Mit der Eroberung der Provinz Tamba beauftragt, begann Mitsuhide einen methodischen Feldzug gegen die lokalen Klans. Er setzte sowohl militärische Gewalt als auch Diplomatie ein und brachte die bergige Region allmählich unter Kontrolle. Seine Verwaltungsreformen in eroberten Gebieten wurden gelobt.
Erbaute die Burg Kameyama als Operationsbasis in Tamba. Die Burg zeigte sein Verständnis der Verteidigungsarchitektur und diente als Regierungszentrum. Er führte eine faire Verwaltung ein, die ihm die Loyalität der Bevölkerung einbrachte.
Vollendete nach Jahren geduldiger Kriegsführung erfolgreich die Eroberung der Provinz Tamba. Sein Sieg bewies außergewöhnliche militärische und politische Fähigkeiten. Nobunaga belohnte ihn mit der gesamten Provinz und machte ihn zu einem der mächtigsten Oda-Generäle.
Erhielt zusätzlich zu seinen Tamba-Besitzungen die Burg Sakamoto mit Blick auf den Biwa-See. Diese prestigeträchtige Burg spiegelte seinen hohen Stand unter Nobunagas Vasallen wider. Er war nun für einen strategischen Korridor von Kyoto nach Nordosten verantwortlich.
Organisierte eine prächtige Pferdeparade in Kyoto, um die Macht und das Prestige der Oda zu demonstrieren. Die Veranstaltung zeigte Mitsuhides kulturelle Verfeinerung und organisatorische Fähigkeiten. Kaiser Ogimachi nahm teil, was den Höhepunkt von Mitsuhides öffentlicher Leistung darstellte.
Einigen Berichten zufolge erlitt Mitsuhide öffentliche Demütigung in der Burg Azuchi, einschließlich eines Tritts von Nobunaga bei einem Bankett. Ob wahr oder ausgeschmückt, die Spannungen zwischen Herr und Vasall hatten einen Bruchpunkt erreicht. Die Saat des Verrats wurde gesät.
Befohlen, nach Westen zu marschieren, um Toyotomi Hideyoshi zu unterstützen, traf Mitsuhide stattdessen die schicksalhafte Entscheidung, seine Armee nach Kyoto zu wenden. Seine berühmte Erklärung 'Der Feind ist bei Honnoji' signalisierte den größten Verrat der japanischen Geschichte. Seine Motive werden bis heute debattiert.
Am 21. Juni 1582 umzingelten Mitsuhides Truppen den Honnoji-Tempel und griffen an. Nobunaga, der nur mit minimaler Wache überrascht wurde, kämpfte kurz, bevor er in den Flammen starb. Diese einzige Nacht stürzte die politische Ordnung Japans um und sicherte Mitsuhide für immer seinen Ruhm als Verräter.
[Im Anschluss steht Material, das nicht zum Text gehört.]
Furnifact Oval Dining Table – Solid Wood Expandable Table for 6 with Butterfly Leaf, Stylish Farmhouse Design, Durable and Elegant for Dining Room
Dreizehn Tage lang versuchte Mitsuhide, seine Macht zu festigen und Legitimität zu erlangen. Er suchte Unterstützung vom kaiserlichen Hof und lokalen Daimyo, aber die meisten zögerten, einem Verräter beizutreten. Seine kurze Herrschaft wurde spöttisch als 'Drei-Tage-Shogunat' bekannt.
Nach nur dreizehn Tagen von Toyotomi Hideyoshi in der Schlacht von Yamazaki besiegt. Auf der Flucht durch die Landschaft wurde Mitsuhide von Bauernbanditen in der Nähe von Ogurusu getötet. Sein Tod mit 54 Jahren beendete eine der dramatischsten und tragischsten Episoden der Geschichte.